§ Task to complete: Every line of the material is to be repeated exactly as it stands.

········

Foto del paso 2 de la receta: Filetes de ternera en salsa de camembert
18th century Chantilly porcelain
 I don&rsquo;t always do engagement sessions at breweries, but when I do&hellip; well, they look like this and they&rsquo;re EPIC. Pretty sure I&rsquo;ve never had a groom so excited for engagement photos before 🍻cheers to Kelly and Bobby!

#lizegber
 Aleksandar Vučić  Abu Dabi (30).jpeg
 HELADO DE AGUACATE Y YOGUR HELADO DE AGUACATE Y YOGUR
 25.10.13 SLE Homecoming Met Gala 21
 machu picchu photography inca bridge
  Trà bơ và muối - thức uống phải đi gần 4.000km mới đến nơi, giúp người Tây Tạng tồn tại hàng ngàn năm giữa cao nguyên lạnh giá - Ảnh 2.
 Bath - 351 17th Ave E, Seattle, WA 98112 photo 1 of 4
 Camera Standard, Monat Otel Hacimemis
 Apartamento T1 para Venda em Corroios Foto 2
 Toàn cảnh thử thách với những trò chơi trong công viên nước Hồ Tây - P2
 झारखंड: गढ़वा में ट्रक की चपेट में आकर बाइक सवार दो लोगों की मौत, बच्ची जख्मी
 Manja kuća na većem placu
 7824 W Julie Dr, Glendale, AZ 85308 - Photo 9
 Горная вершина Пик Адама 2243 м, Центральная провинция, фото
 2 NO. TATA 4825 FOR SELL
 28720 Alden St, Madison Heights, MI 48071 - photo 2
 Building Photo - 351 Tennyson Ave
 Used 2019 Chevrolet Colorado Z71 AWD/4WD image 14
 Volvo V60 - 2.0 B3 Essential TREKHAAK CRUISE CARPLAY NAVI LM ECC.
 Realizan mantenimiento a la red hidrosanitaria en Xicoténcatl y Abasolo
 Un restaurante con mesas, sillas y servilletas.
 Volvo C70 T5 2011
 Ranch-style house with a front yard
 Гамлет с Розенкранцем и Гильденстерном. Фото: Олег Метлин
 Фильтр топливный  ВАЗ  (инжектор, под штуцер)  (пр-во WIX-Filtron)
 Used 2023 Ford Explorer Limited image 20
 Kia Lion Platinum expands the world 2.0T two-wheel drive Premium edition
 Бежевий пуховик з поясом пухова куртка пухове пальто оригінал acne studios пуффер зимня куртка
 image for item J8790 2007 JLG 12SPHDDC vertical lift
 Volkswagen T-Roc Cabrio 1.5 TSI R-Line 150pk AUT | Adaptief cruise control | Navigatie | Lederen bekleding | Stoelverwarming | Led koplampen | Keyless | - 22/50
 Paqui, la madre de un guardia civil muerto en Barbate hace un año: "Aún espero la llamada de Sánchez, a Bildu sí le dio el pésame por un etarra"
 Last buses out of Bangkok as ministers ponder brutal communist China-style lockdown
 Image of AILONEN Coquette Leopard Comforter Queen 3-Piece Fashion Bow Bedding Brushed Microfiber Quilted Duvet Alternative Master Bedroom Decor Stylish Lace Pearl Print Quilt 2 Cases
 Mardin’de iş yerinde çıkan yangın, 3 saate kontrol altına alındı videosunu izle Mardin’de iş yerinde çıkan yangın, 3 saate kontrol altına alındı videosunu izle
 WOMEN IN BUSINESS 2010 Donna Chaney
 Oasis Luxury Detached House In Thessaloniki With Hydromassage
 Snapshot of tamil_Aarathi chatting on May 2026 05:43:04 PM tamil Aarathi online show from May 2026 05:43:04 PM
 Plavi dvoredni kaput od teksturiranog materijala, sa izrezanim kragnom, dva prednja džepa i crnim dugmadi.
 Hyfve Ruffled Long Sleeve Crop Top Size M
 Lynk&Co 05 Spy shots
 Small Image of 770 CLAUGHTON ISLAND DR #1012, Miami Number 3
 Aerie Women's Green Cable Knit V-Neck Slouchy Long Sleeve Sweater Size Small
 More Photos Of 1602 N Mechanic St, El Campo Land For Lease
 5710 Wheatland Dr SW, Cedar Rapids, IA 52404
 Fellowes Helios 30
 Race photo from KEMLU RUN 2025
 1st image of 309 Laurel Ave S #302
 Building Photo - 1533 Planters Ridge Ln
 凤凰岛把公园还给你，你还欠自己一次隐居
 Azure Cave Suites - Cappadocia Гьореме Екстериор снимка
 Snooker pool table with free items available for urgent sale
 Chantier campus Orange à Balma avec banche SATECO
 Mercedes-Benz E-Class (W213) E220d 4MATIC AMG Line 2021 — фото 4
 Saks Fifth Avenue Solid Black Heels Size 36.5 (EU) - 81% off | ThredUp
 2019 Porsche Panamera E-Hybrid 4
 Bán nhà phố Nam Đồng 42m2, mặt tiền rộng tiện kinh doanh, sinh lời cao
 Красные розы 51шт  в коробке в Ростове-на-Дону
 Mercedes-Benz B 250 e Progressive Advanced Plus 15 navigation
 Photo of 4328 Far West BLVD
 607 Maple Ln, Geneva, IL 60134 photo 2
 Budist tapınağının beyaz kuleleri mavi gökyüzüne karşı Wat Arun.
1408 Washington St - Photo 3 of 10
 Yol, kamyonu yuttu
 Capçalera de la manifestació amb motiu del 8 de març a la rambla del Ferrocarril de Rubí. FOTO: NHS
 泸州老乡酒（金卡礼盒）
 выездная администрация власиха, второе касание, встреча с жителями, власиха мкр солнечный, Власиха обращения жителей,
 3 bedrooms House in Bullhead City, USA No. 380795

········

§ Exercise output:
Foto del paso 2 de la receta: Filetes de ternera en salsa de camembert
18th century Chantilly porcelain
 I don&rsquo;t always do engagement sessions at breweries, but when I do&hellip; well, they look like this and they&rsquo;re EPIC. Pretty sure I&rsquo;ve never had a groom so excited for engagement photos before 🍻cheers to Kelly and Bobby!

#lizegber
 Aleksandar Vučić  Abu Dabi (30).jpeg
 HELADO DE AGUACATE Y YOGUR HELADO DE AGUACATE Y YOGUR
 25.10.13 SLE Homecoming Met Gala 21
 machu picchu photography inca bridge
  Trà bơ và muối - thức uống phải đi gần 4.000km mới đến nơi, giúp người Tây Tạng tồn tại hàng ngàn năm giữa cao nguyên lạnh giá - Ảnh 2.
 Bath - 351 17th Ave E, Seattle, WA 98112 photo 1 of 4
 Camera Standard, Monat Otel Hacimemis
 Apartamento T1 para Venda em Corroios Foto 2
 Toàn cảnh thử thách với những trò chơi trong công viên nước Hồ Tây - P2
 झारखंड: गढ़वा में ट्रक की चपेट में आकर बाइक सवार दो लोगों की मौत, बच्ची जख्मी
 Manja kuća na većem placu
 7824 W Julie Dr, Glendale, AZ 85308 - Photo 9
 Горная вершина Пик Адама 2243 м, Центральная провинция, фото
 2 NO. TATA 4825 FOR SELL
 28720 Alden St, Madison Heights, MI 48071 - photo 2
 Building Photo - 351 Tennyson Ave
 Used 2019 Chevrolet Colorado Z71 AWD/4WD image 14
 Volvo V60 - 2.0 B3 Essential TREKHAAK CRUISE CARPLAY NAVI LM ECC.
 Realizan mantenimiento a la red hidrosanitaria en Xicoténcatl y Abasolo
 Un restaurante con mesas, sillas y servilletas.
 Volvo C70 T5 2011
 Ranch-style house with a front yard
 Гамлет с Розенкранцем и Гильденстерном. Фото: Олег Метлин
 Фильтр топливный  ВАЗ  (инжектор, под штуцер)  (пр-во WIX-Filtron)
 Used 2023 Ford Explorer Limited image 20
 Kia Lion Platinum expands the world 2.0T two-wheel drive Premium edition
 Бежевий пуховик з поясом пухова куртка пухове пальто оригінал acne studios пуффер зимня куртка
 image for item J8790 2007 JLG 12SPHDDC vertical lift
 Volkswagen T-Roc Cabrio 1.5 TSI R-Line 150pk AUT | Adaptief cruise control | Navigatie | Lederen bekleding | Stoelverwarming | Led koplampen | Keyless | - 22/50
 Paqui, la madre de un guardia civil muerto en Barbate hace un año: "Aún espero la llamada de Sánchez, a Bildu sí le dio el pésame por un etarra"
 Last buses out of Bangkok as ministers ponder brutal communist China-style lockdown
 Image of AILONEN Coquette Leopard Comforter Queen 3-Piece Fashion Bow Bedding Brushed Microfiber Quilted Duvet Alternative Master Bedroom Decor Stylish Lace Pearl Print Quilt 2 Cases
 Mardin’de iş yerinde çıkan yangın, 3 saate kontrol altına alındı videosunu izle Mardin’de iş yerinde çıkan yangın, 3 saate kontrol altına alındı videosunu izle
 WOMEN IN BUSINESS 2010 Donna Chaney
 Oasis Luxury Detached House In Thessaloniki With Hydromassage
 Snapshot of tamil_Aarathi chatting on May 2026 05:43:04 PM tamil Aarathi online show from May 2026 05:43:04 PM
 Plavi dvoredni kaput od teksturiranog materijala, sa izrezanim kragnom, dva prednja džepa i crnim dugmadi.
 Hyfve Ruffled Long Sleeve Crop Top Size M
 Lynk&Co 05 Spy shots
 Small Image of 770 CLAUGHTON ISLAND DR #1012, Miami Number 3
 Aerie Women's Green Cable Knit V-Neck Slouchy Long Sleeve Sweater Size Small
 More Photos Of 1602 N Mechanic St, El Campo Land For Lease
 5710 Wheatland Dr SW, Cedar Rapids, IA 52404
 Fellowes Helios 30
 Race photo from KEMLU RUN 2025
 1st image of 309 Laurel Ave S #302
 Building Photo - 1533 Planters Ridge Ln
 凤凰岛把公园还给你，你还欠自己一次隐居
 Azure Cave Suites - Cappadocia Гьореме Екстериор снимка
 Snooker pool table with free items available for urgent sale
 Chantier campus Orange à Balma avec banche SATECO
 Mercedes-Benz E-Class (W213) E220d 4MATIC AMG Line 2021 — фото 4
 Saks Fifth Avenue Solid Black Heels Size 36.5 (EU) - 81% off | ThredUp
 2019 Porsche Panamera E-Hybrid 4
 Bán nhà phố Nam Đồng 42m2, mặt tiền rộng tiện kinh doanh, sinh lời cao
 Красные розы 51шт  в коробке в Ростове-на-Дону
 Mercedes-Benz B 250 e Progressive Advanced Plus 15 navigation
 Photo of 4328 Far West BLVD
 607 Maple Ln, Geneva, IL 60134 photo 2
 Budist tapınağının beyaz kuleleri mavi gökyüzüne karşı Wat Arun.
1408 Washington St - Photo 3 of 10
 Yol, kamyonu yuttu
 Capçalera de la manifestació amb motiu del 8 de març a la rambla del Ferrocarril de Rubí. FOTO: NHS
 泸州老乡酒（金卡礼盒）
 выездная администрация власиха, второе касание, встреча с жителями, власиха мкр солнечный, Власиха обращения жителей,
 3 bedrooms House in Bullhead City, USA No. 380795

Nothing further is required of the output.